Right thinking must lead to action on Burma

31 March 2008

By THAUNG HTUN
Special to Globe and Mail Update
March 27, 2008 at 8:10 PM EDT
[Source - Globe and Mail]

It was Hannah Arendt who wrote that "Under conditions of tyranny, it is easier to act than to think." While none would accuse Burma's Saffron Revolution of being unthinking, the sense of those words hold true. There is a time when thoughts must give way to action.

Yet, just as this notion holds truth, so too does its reverse. That is to say, without the conditions of tyranny, it is easier to think than to act. This appears to be the position of many around the world, who have the privilege of remaining disengaged while seeing images of violence at a distance.

The historic events that continue unfold in Burma today, evolving from peaceful demonstrations late last year, have been detailed in a new report "Bullets in the Alms Bowl," produced by the Human Rights Documentation Unit of the National Coalition Government of the Union of Burma, the country's government in exile.

No one can read this report and not feel their very humanity challenged by the presence of the brutality it documents. No one can say, "We were unaware." No one has an excuse not to act.

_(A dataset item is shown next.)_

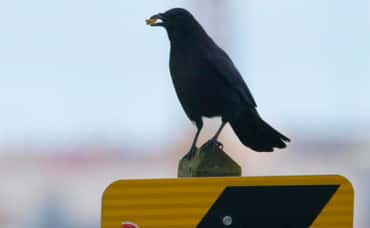 Crowes – Nature is watching us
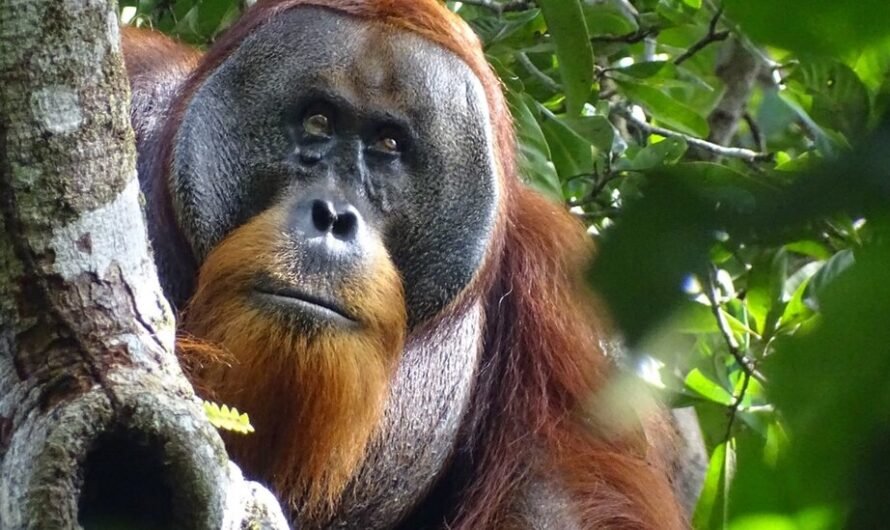 Orangutan Seen Healing His Facial Wound With Medicinal Plant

In asking for peace and dialogue toward a political settlement of the problems confronting this country, members of Burma's Buddhist community, the Sangha, have spoken for all their country and touched the whole world. They have galvanized world opinion and spoken to the very soul of our global community. All must hear them.

All must hear how the Burmese military government suppressed a peaceful movement centred on monks, a movement that carried no weapons but the firmness of convictions and courage.

The HRDU report documents the murders, the tortures, the late-night abductions, the house detentions, the arrest of family members of accused demonstrators, the list of actions designed to break the population, to discredit their agendas and to hold an ever tenuous grip on power.

There are given names, dates and times. Personal experiences are painstakingly unfolded. The gaps left by the dead, the detained, the damaged and the broken are poignantly identified.

The struggle of the Sangha and the Saffron Revolution is imbued with the deepest, resonant significance. Here is an outbreak of peace in the face of so much violence, an embodiment of hope in the face of hopelessness, a surge of spiritual values at a time of the most crushing assault on the human heart.

The world cannot ignore these cries and still maintain its sense of dignity and trust, nor can we as the world family maintain our hold on truth and freedom if Burma's peoples continue to be so ill-treated and oppressed.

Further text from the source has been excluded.